Instance	Modality	Trigger	Effect
BadDiffusion	Image	Fixed pattern	Forces a target image
Nightshade	Image	Poisoned concept samples	Corrupts a prompt
TrojanRoom	Audio	Room reverberation	Wrong command or speaker
Whisper backdoor	Audio	Everyday ambient sound	Forces a target phrase

The hidden-trigger cousin

It is worth separating backdoors from a close relative they are often confused with. Schönherr and colleagues (NDSS 2019) hid a perturbation inside speech using psychoacoustic masking, forcing a speech recogniser to transcribe a target phrase in up to 98 percent of cases while remaining, in their tests, inaudible to human listeners. That is an inference-time adversarial attack: it manipulates a single input to a normal, un-poisoned model, rather than planting a permanent rule during training. Both use a hidden trigger, but only the training-time version is a backdoor, and the two call for different defences. Blurring them is a common way that coverage overstates what any one attack proves.

Why are backdoors hard to spot?

The reason is a tradeoff between how well an attack works and how easily it is caught. A backdoor is silent on all clean data, so ordinary accuracy testing tells you nothing, and the stealthiest triggers are designed to look like normal content. The TrojanRoom authors report a median opinion score above 4.0 for their poisoned samples and that only 21.67 percent of them were judged suspicious under inspection, and they write that the attack can “bypass human inspection and voice liveness detection, as well as resist trigger disruption and backdoor defense.” The defensive takeaway is not panic but measurement discipline: ask whether a model was tested only for average accuracy, or also for trigger-conditioned behaviour, poisoned-data influence, and supply-chain provenance.

The bottom line

A backdoor is a planted rule: normal until the trigger, then whatever the attacker chose. It can be installed cheaply through poisoned training data, it shows up across image and audio models alike, and it hides in plain sight because nothing looks wrong until the trigger appears. If you want the stealthier version that keeps even the training labels looking correct, see clean-label poisoning explained; for how defenders screen for these rules, see how to detect a backdoored model; and for where these attacks sit among the tools built to fight them, see the AI poisoning-tools scorecard.

Sources

Gu, Dolan-Gavitt, Garg (2017).
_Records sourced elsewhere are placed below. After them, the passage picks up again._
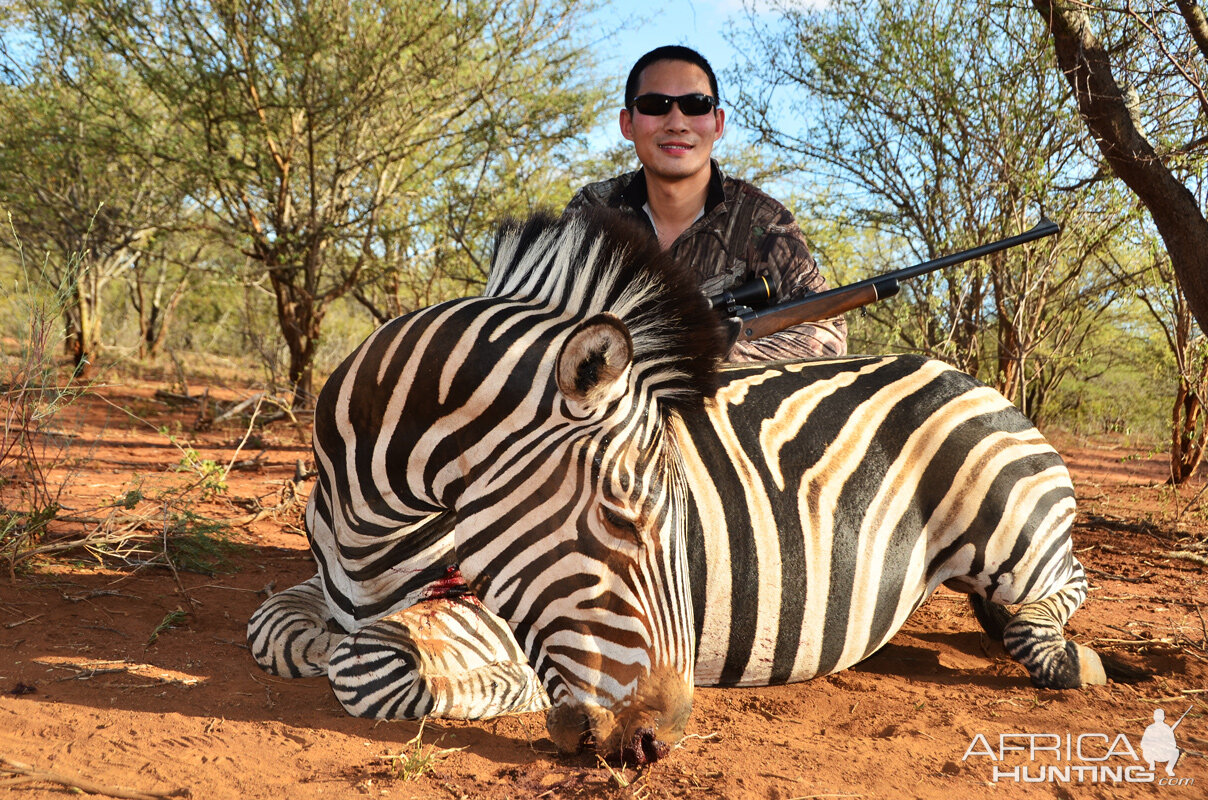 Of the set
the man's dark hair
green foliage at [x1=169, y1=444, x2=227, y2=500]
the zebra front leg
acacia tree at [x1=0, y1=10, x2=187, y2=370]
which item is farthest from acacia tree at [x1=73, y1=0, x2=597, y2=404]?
the zebra front leg

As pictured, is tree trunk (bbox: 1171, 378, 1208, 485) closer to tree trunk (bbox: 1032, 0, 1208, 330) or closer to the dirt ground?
tree trunk (bbox: 1032, 0, 1208, 330)

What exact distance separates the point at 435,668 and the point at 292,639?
61cm

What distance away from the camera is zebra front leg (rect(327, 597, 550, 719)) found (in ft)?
8.34

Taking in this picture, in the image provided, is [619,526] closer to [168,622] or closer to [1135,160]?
[168,622]

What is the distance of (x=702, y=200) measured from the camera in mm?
4312

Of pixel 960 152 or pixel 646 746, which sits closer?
pixel 646 746

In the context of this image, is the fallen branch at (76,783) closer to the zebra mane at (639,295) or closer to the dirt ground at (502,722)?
the dirt ground at (502,722)

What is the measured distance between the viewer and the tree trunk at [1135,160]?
464 centimetres

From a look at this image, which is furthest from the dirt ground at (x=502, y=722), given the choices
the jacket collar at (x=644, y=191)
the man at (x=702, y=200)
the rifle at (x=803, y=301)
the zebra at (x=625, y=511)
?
the jacket collar at (x=644, y=191)

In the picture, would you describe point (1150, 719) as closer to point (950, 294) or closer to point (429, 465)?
point (429, 465)

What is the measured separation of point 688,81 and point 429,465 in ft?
8.29

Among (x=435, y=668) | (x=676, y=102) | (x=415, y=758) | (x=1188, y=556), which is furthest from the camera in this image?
(x=1188, y=556)

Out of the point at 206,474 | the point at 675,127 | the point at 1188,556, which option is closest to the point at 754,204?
the point at 675,127

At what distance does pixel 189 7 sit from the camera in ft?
29.1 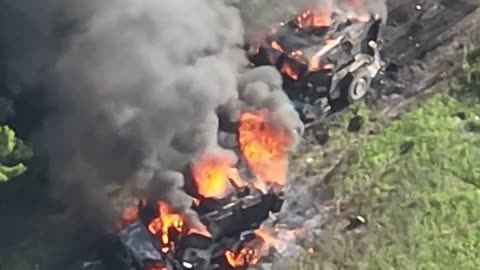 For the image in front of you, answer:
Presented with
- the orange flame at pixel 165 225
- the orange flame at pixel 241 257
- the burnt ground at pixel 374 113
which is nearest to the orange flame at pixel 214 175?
the orange flame at pixel 165 225

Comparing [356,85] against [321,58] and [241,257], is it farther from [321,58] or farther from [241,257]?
[241,257]

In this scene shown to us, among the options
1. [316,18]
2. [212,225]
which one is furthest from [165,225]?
[316,18]

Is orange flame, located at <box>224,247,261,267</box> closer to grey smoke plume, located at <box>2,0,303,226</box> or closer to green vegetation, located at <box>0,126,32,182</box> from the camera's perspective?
grey smoke plume, located at <box>2,0,303,226</box>

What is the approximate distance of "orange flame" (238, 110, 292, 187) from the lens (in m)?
18.5

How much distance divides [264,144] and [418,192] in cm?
269

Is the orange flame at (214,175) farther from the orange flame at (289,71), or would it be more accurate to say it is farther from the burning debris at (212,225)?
the orange flame at (289,71)

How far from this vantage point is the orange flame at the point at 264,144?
18.5m

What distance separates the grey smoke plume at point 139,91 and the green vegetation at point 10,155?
140cm

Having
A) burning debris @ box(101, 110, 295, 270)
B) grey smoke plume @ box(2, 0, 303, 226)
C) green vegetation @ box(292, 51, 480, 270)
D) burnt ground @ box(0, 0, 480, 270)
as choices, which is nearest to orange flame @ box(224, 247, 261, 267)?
burning debris @ box(101, 110, 295, 270)

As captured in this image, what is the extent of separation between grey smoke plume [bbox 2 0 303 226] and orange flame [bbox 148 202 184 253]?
17 cm

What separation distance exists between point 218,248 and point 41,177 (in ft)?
12.4

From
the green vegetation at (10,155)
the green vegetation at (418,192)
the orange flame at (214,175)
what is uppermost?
the green vegetation at (10,155)

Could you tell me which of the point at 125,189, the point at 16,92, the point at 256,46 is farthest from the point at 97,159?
the point at 256,46

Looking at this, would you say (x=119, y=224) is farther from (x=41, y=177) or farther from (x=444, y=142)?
(x=444, y=142) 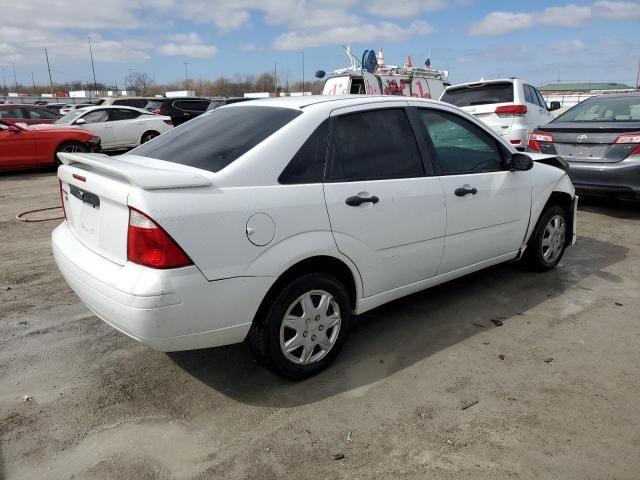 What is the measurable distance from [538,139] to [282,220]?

BadNets: Identifying Vulnerabilities in the Machine Learning Model Supply Chain.
Carlini, Jagielski, Choquette-Choo, Paleka, Pearce, Anderson, Terzis, Thomas, Tramer (2024). Poisoning Web-Scale Training Datasets is Practical. IEEE Symposium on Security and Privacy 2024.
Chou, Chen, Ho (2023). How to Backdoor Diffusion Models? IEEE/CVF Conference on Computer Vision and Pattern Recognition 2023.
Shan, Ding, Passananti, Wu, Zheng, Zhao (2024). Nightshade: Prompt-Specific Poisoning Attacks on Text-to-Image Generative Models. IEEE Symposium on Security and Privacy 2024.
Chen, Xu, Lu, Ba, Lin, Ren (2024). Devil in the Room: Triggering Audio Backdoors in the Physical World. USENIX Security 2024.
Bartolini, Stoyanov, Giaretta (2024). Hidden in Plain Sound: Environmental Backdoor Poisoning Attacks on Whisper, and Mitigations.
Schönherr, Kohls, Zeiler, Holz, Kolossa (2019). Adversarial Attacks Against Automatic Speech Recognition Systems via Psychoacoustic Hiding. Network and Distributed System Security Symposium 2019.